> _Exercise requirements_
Each line starting at the one that contains "Commercial Automatic Multi-functional" and ending at the one that contains "Bộ dao nhà bếp" must be returned exactly, and the rest of the listing is left out.

- Opening Delimiter -

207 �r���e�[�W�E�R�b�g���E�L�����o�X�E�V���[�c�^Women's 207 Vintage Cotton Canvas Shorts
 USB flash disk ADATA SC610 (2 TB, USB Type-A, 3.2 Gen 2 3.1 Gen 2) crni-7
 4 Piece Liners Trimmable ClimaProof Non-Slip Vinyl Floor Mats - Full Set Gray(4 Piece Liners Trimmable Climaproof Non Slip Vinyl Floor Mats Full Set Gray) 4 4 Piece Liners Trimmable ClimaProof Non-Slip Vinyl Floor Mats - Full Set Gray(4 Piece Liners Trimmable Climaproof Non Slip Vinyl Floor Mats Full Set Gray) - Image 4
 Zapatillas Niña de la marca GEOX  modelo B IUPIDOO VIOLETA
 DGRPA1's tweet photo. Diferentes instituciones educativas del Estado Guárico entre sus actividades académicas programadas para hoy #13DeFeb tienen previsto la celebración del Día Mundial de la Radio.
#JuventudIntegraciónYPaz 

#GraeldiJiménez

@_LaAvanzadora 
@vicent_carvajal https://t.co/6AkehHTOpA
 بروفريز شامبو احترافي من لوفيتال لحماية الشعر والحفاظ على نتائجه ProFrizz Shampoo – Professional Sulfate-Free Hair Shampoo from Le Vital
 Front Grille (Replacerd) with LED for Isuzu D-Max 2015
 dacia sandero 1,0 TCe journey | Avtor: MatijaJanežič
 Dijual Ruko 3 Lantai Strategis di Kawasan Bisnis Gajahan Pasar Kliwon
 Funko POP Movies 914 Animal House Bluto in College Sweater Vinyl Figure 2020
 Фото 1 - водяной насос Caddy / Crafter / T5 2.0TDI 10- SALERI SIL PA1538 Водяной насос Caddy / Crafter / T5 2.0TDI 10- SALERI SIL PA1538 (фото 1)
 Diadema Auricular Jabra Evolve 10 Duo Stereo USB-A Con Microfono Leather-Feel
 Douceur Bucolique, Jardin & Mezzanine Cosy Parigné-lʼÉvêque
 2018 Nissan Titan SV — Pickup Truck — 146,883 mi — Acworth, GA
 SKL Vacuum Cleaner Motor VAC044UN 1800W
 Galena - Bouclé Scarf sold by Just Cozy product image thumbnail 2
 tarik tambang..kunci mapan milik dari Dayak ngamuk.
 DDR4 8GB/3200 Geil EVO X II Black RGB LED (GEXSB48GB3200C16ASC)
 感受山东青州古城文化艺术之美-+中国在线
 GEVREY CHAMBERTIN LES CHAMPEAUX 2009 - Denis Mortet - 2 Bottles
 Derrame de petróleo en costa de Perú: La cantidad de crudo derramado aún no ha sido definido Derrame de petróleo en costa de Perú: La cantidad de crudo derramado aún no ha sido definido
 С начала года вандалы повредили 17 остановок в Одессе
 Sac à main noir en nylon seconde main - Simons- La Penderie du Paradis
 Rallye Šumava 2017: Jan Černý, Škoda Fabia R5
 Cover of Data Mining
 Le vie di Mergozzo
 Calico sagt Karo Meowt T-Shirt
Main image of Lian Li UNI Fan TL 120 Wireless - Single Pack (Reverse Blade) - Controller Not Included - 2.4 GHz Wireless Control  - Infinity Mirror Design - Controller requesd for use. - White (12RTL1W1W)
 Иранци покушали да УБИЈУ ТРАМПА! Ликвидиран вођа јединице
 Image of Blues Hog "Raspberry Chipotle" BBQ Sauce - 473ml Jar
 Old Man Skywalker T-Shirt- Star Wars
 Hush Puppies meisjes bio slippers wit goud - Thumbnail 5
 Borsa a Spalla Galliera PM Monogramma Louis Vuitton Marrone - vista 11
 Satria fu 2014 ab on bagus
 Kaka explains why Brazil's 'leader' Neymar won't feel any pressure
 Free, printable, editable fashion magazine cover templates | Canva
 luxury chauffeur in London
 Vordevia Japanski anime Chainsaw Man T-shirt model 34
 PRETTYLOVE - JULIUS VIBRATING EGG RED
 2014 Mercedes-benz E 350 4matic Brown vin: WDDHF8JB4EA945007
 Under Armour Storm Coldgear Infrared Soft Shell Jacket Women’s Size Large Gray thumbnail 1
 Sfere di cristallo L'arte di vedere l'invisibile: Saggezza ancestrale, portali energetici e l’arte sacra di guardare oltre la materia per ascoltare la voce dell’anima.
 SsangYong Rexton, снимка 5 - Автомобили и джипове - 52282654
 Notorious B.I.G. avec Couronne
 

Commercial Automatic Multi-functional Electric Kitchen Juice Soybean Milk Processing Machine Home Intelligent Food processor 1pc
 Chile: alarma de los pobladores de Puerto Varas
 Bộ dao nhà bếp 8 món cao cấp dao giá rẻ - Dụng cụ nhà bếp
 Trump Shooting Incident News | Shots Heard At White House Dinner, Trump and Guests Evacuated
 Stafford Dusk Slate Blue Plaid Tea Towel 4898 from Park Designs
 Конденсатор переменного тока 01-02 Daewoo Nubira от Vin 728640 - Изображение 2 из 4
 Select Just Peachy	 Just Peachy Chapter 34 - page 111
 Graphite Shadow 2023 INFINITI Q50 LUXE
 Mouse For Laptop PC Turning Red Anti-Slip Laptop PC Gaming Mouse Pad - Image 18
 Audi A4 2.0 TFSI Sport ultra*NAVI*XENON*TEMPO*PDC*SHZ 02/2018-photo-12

- Closing Delimiter -

> _Response for this exercise_
Commercial Automatic Multi-functional Electric Kitchen Juice Soybean Milk Processing Machine Home Intelligent Food processor 1pc
 Chile: alarma de los pobladores de Puerto Varas
 Bộ dao nhà bếp 8 món cao cấp dao giá rẻ - Dụng cụ nhà bếp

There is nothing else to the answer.